Теория кинематографического языка формировалась в 20-е гг. вокруг теории монтажа (см.: Кино). Монтажные опыты Гриффита и Кулешова уже стали азбукой кинорежиссуры, полемика шла вовсе не вокруг эффективности применения того или иного монтажного приема. Основным был вопрос: что является элементом монтажа? Для Кулешова это кадр, некоторое изображение. Для Эйзенштейна — аттракцион, нечто аффективное в самом изображении, от чего зритель не может быть эмоционально свободен. Для В. это — «движение», момент, когда вещь меняется, прежде чем успевает обрести значение. Если монтажные эксперименты Кулешова и Эйзенштейна были так или иначе направлены на манипуляцию зрительским восприятием, то для В. внимание к зрителю, выработка языка кино на основе принципов зрительского восприятия представлялись абсолютно чуждыми, поскольку это вновь возвращало к феномену искусства, манипулирующего фактами. В. постоянно декларирует, что «искусство» должно быть вытеснено На периферию нашего сознания, что оно должно быть отделено от факта. Но это значит, что должны быть подвергнуты переосмыслению многие (если не все) устоявшиеся логические связи. Мир должен быть радикально переинтерпретирован исходя из правды кинофакта.
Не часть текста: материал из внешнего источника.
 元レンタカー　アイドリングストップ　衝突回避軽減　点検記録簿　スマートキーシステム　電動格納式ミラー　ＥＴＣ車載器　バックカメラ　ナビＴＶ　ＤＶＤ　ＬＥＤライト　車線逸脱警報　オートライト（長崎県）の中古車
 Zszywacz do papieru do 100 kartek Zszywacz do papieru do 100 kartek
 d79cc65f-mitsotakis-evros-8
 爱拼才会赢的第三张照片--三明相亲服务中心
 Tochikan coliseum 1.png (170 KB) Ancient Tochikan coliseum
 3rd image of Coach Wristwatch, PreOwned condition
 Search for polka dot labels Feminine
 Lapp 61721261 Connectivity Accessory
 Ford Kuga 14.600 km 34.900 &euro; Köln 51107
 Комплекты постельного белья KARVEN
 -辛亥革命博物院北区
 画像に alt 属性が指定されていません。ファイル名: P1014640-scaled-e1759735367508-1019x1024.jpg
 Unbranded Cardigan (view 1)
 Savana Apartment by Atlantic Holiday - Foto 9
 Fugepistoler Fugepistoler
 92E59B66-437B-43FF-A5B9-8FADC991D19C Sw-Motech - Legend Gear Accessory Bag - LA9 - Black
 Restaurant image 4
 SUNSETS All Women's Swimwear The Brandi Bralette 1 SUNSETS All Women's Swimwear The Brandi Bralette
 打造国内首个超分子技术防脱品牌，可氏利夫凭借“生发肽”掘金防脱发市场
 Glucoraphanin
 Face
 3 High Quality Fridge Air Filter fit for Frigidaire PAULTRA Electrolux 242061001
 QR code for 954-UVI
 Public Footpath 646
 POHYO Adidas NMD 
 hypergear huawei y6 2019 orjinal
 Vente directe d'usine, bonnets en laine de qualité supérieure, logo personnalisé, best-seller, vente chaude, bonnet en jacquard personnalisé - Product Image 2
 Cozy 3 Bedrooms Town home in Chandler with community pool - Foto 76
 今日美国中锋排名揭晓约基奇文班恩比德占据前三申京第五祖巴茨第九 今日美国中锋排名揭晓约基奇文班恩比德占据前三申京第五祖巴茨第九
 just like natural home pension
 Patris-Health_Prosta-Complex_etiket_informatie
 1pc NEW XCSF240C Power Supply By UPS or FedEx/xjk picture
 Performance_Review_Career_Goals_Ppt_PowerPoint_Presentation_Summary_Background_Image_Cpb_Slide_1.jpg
Вертовское «право на эксперимент», о котором он не раз говорил в связи с выходом его программного фильма «Человек с киноаппаратом», — это прежде всего право на отказ от всего того, что навязано кинематографу литературой, право на непонимание, на разрушение сложившейся традиции восприятия. Не смысл эпизода, не конструкция целого интересуют его в этом фильме, но «монтаж движений», «динамическая геометрия». Все кинофакты для В. равноправны, ни у какой кино-вещи нет привилегии. Единственный принцип монтажа — движение, которое раньше оставалось без внимания и лишь соединяло осмысленные статические состояния. Момент изменчивости для В. — микрореволюция в кадре, преодоление человеческих установок на уровне психофизиологии восприятия, способ приблизиться к восприятию, не захваченному идеологией. Эксперимент «Человека с киноаппаратом» оказался настолько радикальным, что и сегодня его изобразительный хаос поражает. Но В. настаивал: зритель с его эмоциями и предпочтениями не может диктовать правила монтажа, этот фильм не для зрителя, а «фильм, помогающий делать фильмы». Это эксперимент с хаосом, возникающим вследствие всеобщего равноправия правд кинофактов. Хаос — это не просто беспорядочность, бессмысленность или анархия. Он указывает на то, что само восприятие требует изменения. Вертовский хаос возникает по правилам, которые для него задал В., которые не случайны, но продуманны, хотя и выражены зачастую в форме провокационных манифестов. И у этого хаоса есть своя внутренняя логика, выразителем которой становится «ритм». Для В. ритм универсален. Он является основой любой чувственности, это такой «перцептивный элемент, который является основой любой будущей перцепции» (Ж. Делёз о В.). Ритм руководит монтажом, а не создается в монтажной. Таким образом, вертовский «ритм» носит не субъективный, а объективный характер. Такой «ритм» нельзя воспринимать, ему можно только соответствовать.